_How to complete this task_: Start at the line with "Throttle Body ETB-PS-000 - image 5" in the records below, stop at the line with "Ноутбук dell Inspiron M5030", and return every line in that span exactly, the two end lines included.

(Brief descriptive captions)
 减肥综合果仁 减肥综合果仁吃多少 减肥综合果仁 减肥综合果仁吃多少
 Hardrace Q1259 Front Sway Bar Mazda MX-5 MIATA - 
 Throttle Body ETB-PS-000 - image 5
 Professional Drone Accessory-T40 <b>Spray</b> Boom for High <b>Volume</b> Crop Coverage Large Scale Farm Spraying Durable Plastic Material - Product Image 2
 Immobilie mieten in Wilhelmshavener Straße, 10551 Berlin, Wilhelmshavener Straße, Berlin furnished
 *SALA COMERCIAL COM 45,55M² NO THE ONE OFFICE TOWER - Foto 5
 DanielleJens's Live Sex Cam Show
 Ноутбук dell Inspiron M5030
==
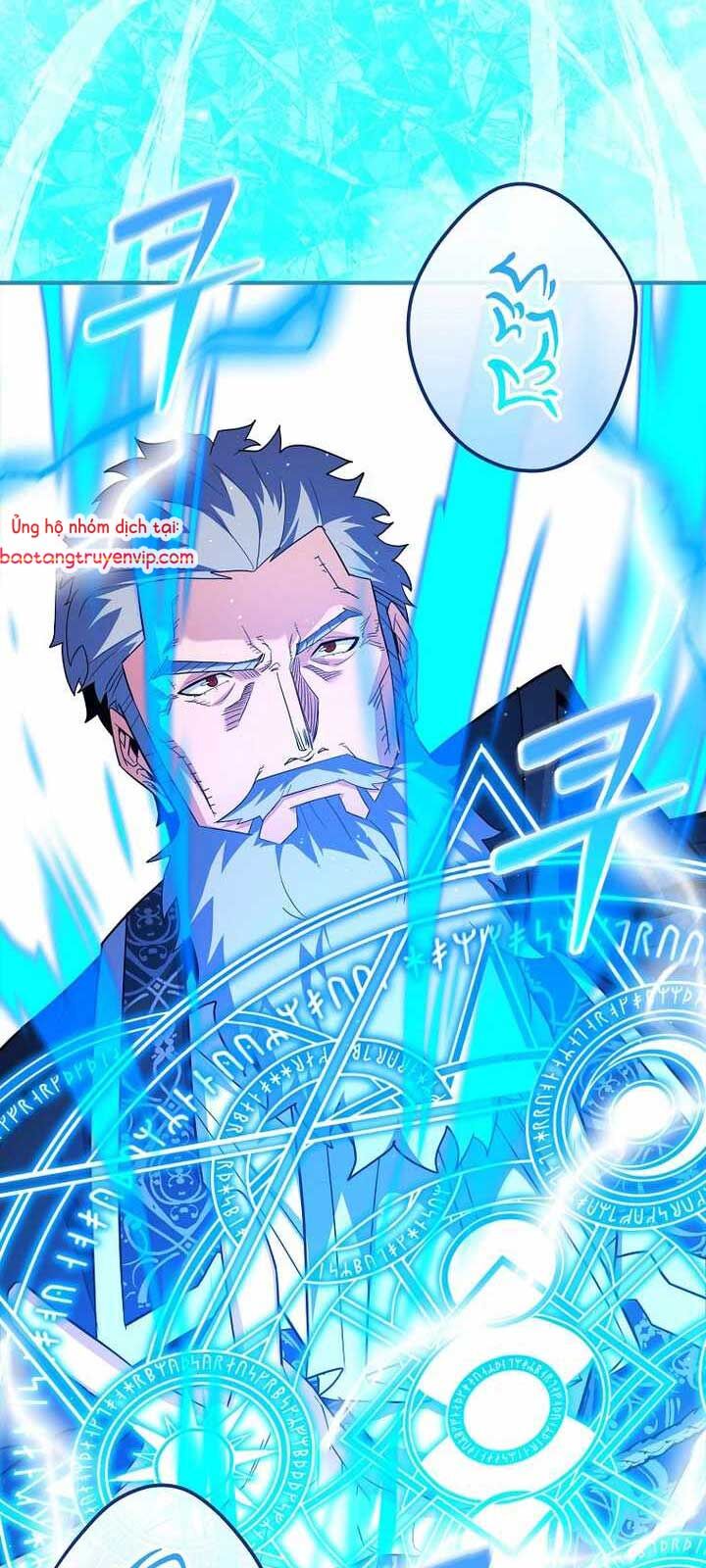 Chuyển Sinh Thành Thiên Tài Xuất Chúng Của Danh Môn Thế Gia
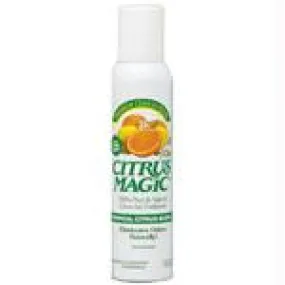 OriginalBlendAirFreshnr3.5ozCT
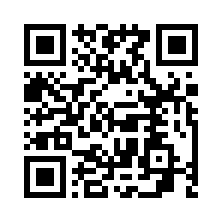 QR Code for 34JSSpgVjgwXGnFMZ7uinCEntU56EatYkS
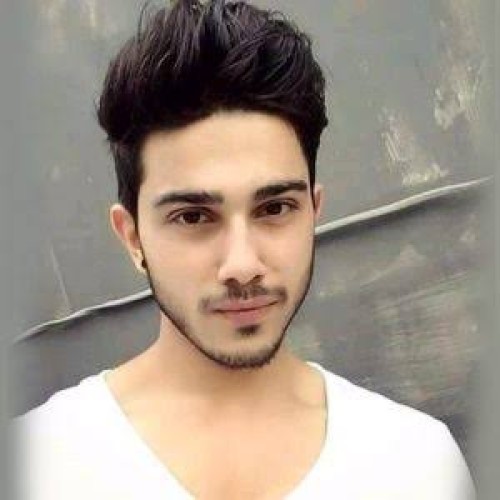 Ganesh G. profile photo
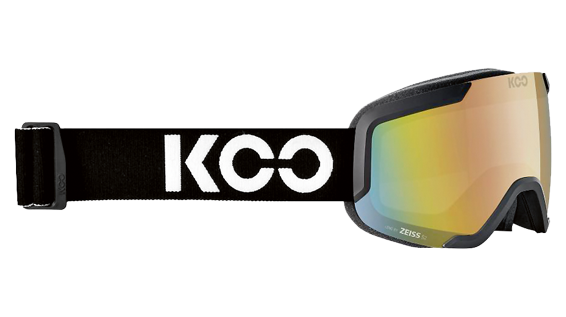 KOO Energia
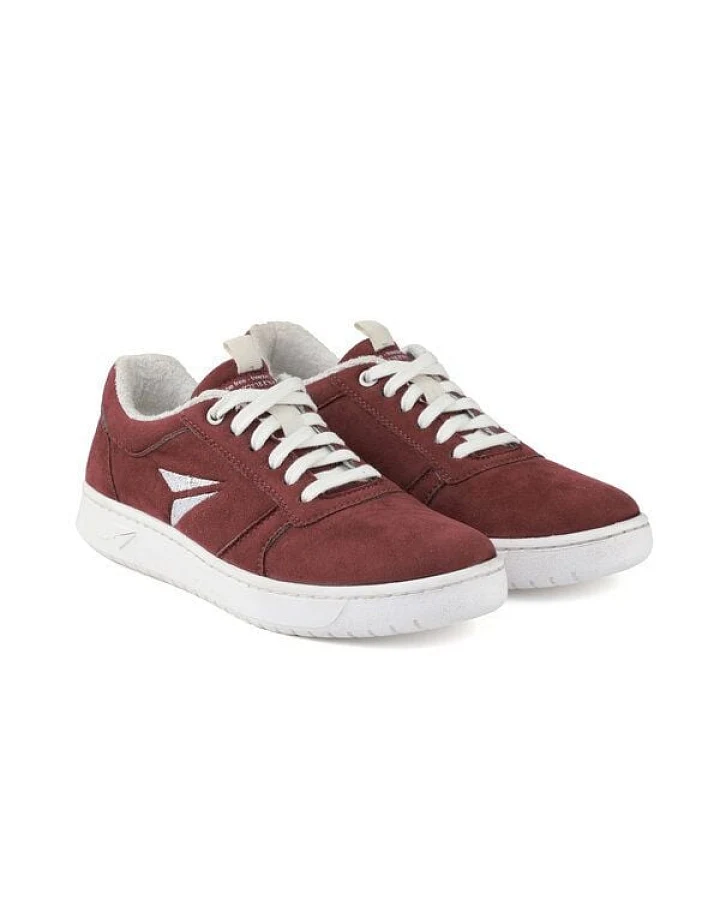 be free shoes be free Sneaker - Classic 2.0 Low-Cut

_Answer box_:
 Throttle Body ETB-PS-000 - image 5
 Professional Drone Accessory-T40 <b>Spray</b> Boom for High <b>Volume</b> Crop Coverage Large Scale Farm Spraying Durable Plastic Material - Product Image 2
 Immobilie mieten in Wilhelmshavener Straße, 10551 Berlin, Wilhelmshavener Straße, Berlin furnished
 *SALA COMERCIAL COM 45,55M² NO THE ONE OFFICE TOWER - Foto 5
 DanielleJens's Live Sex Cam Show
 Ноутбук dell Inspiron M5030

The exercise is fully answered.